Load multiple models for multi process inference

Bruce_Dong · December 17, 2022, 8:01am

here is my code ,it worked in parallel, but each inference took a hundredfold longer.

without multi process ,each inference cost 20ms,
with multi process, each inference cost 25s.

def load_model():
    conf_obj = _get_config_obj("tests/ocr/ocr.yml")
    model_manange = OCRModel(conf_obj)
    model_manange.load_model()
    model_manange.status = MODEL_MANAGE_IDLE
    return model_manange


def init_multi_load() -> None:
    for i in range(3):
        model_manage_list.append(load_model())

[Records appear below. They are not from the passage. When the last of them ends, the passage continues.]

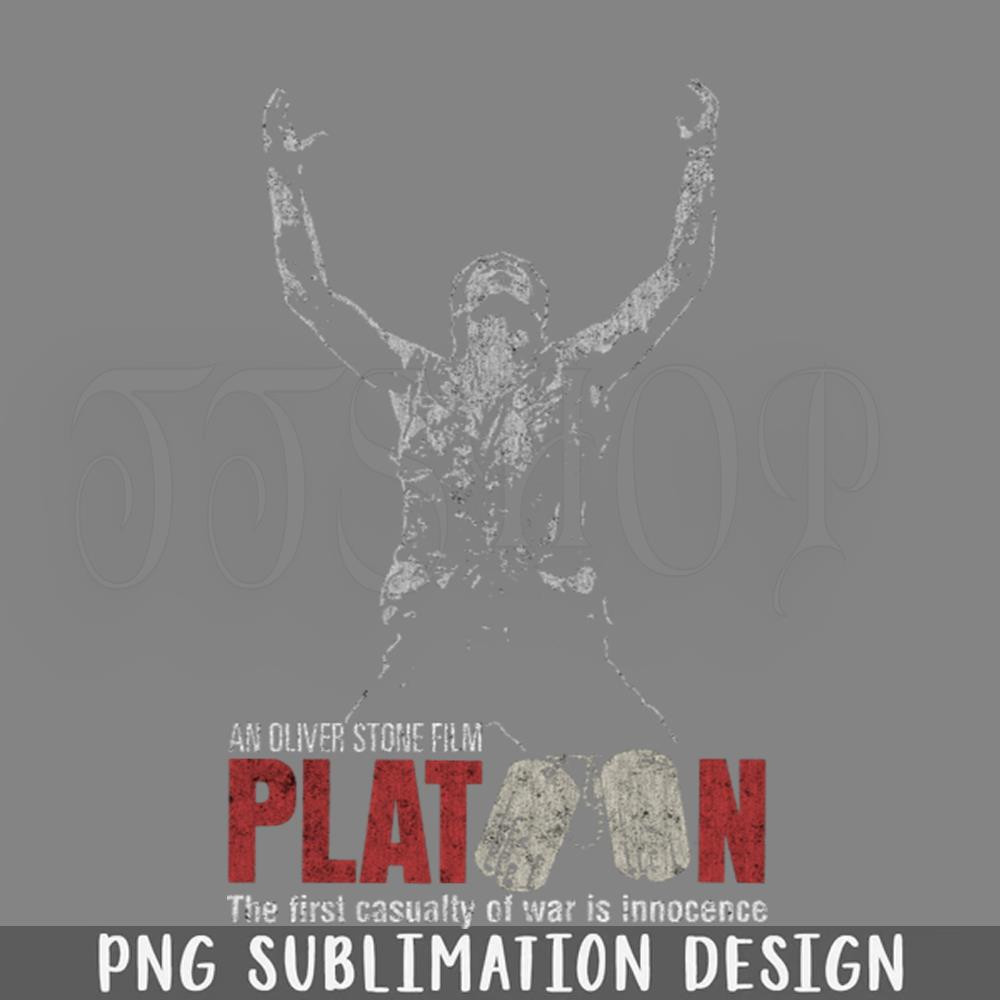 DMG656-latoon Cult Classic Oliver Stone PNG Download.jpg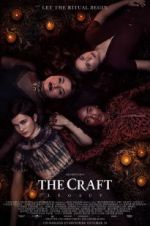 Watch The Craft: Legacy Movie2k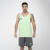 Musculosa Melpas Umbro Hombre Vm2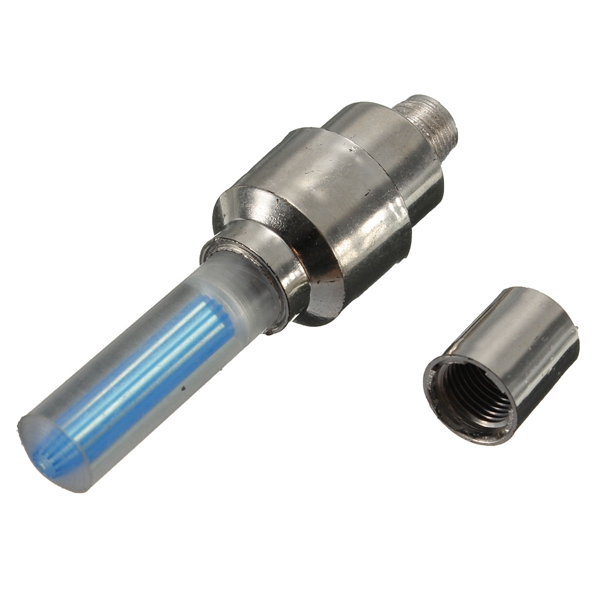 Bike-Bicycle-Valve-Core-Flashlight-LED-Light-Wheel-Decorative-Light-1027144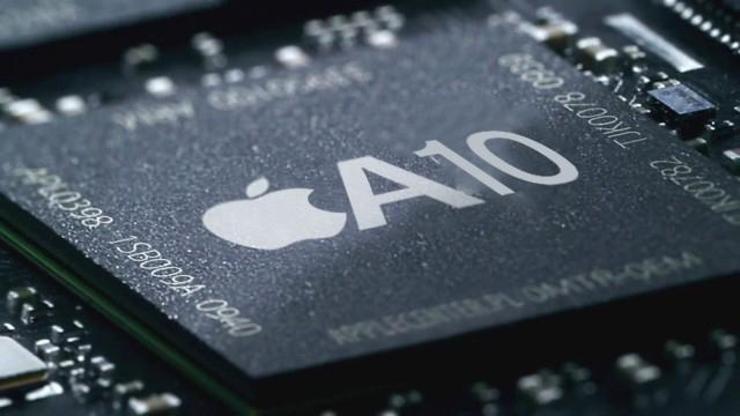 Tayvandaki deprem Appleı vurdu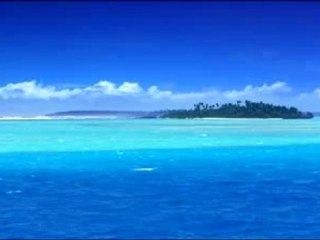 Jason van Wyk  Vast Vision feat Johanna   Oceanblue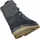 Lowa Isarco GTX Herren Navy/Bronze 44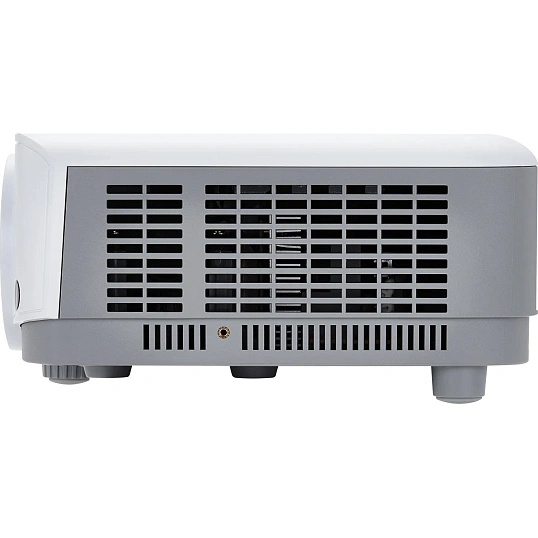 Проектор ViewSonic PA503W, 1280x800, 3500Lm, 22 000:1, HDMI, USB TypeA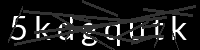 PHP Captcha for Piwigo
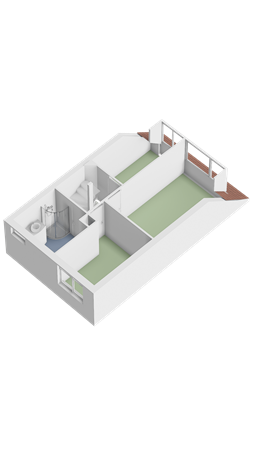 Willem Roodbeenhof 7, 6842 CX Arnhem - 184541929-300614524-se-153920425-1776337793415.png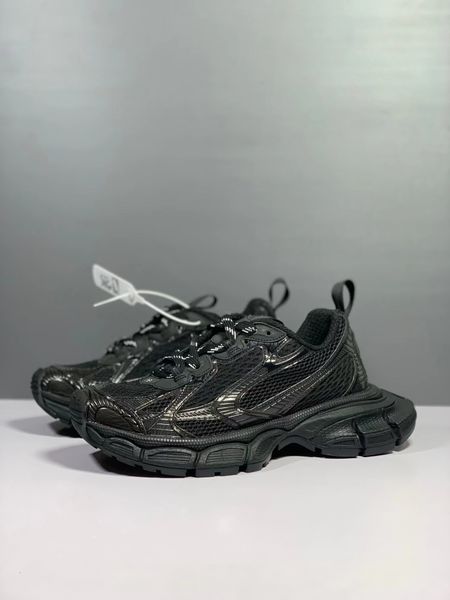 summer casual designer mesh breathable black running sneakers shoes shock-absorbing running shoes men
summer casual designer mesh breathable black running sneakers shoes shock-absorbing running shoes men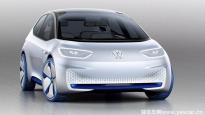 8³ MEBƽ̨2020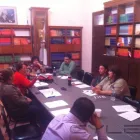 La imagen 1 de la Empresa CEDEX ESCUELA PARA ADULTOS Escuelas de Enseñanza Abierta en Nuevo Laredo TAM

def infer(data: dict, model_manage_list) -> dict:
    for model_manage in model_manage_list:
        if model_manage.status == MODEL_MANAGE_IDLE:
            model_manage.status = MODEL_MANAGE_WORKING
            ret = model_manage.run_model(data)
            model_manage.status = MODEL_MANAGE_IDLE
            return ret
    raise ValueError("no idle model for service")

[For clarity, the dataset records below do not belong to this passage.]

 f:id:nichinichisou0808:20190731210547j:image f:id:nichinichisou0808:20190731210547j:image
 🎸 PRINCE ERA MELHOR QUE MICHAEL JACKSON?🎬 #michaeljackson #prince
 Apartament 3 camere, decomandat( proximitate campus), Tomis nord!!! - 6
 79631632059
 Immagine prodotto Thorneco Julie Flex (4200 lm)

if __name__ == '__main__':
    torch.multiprocessing.set_start_method('spawn', force=True)
    model_manage_list = Manager().list()
    init_multi_load()
    data = {} # just for show case here
    for i in range(3):
        mp = Process(target=infer, args=(data, model_manage_list,))
        mp.start()

    while True:
        time.sleep(2)

eqy · December 18, 2022, 5:31am

What hardware is running the model? If the processes are e.g., sharing a single GPU the increased contention could slow things down

Bruce_Dong · December 18, 2022, 5:40am

i got just single GPU in my computer

Is there a way to parallelize on single GPU ? I think my GPU performance is very redundant

eqy · December 18, 2022, 5:50am

How similar are the different models on your GPU? If they are similar and have relatively simple building blocks, you might look into e.g., using batched matmul in place of linear layers torch.bmm — PyTorch 1.13 documentation and grouped convolutions in place of “vanilla” convolutions to do multiple models worth of computation at the time/per layer. Of course, you would need to be careful about keeping normalization statistics separate across the models.

Bruce_Dong · December 19, 2022, 12:32pm

Hi Dear , Exactly the same model, torch.bmm doesn’t work for me. Do you have such an example ? that load multi model in one process and inference with subprocess parallel.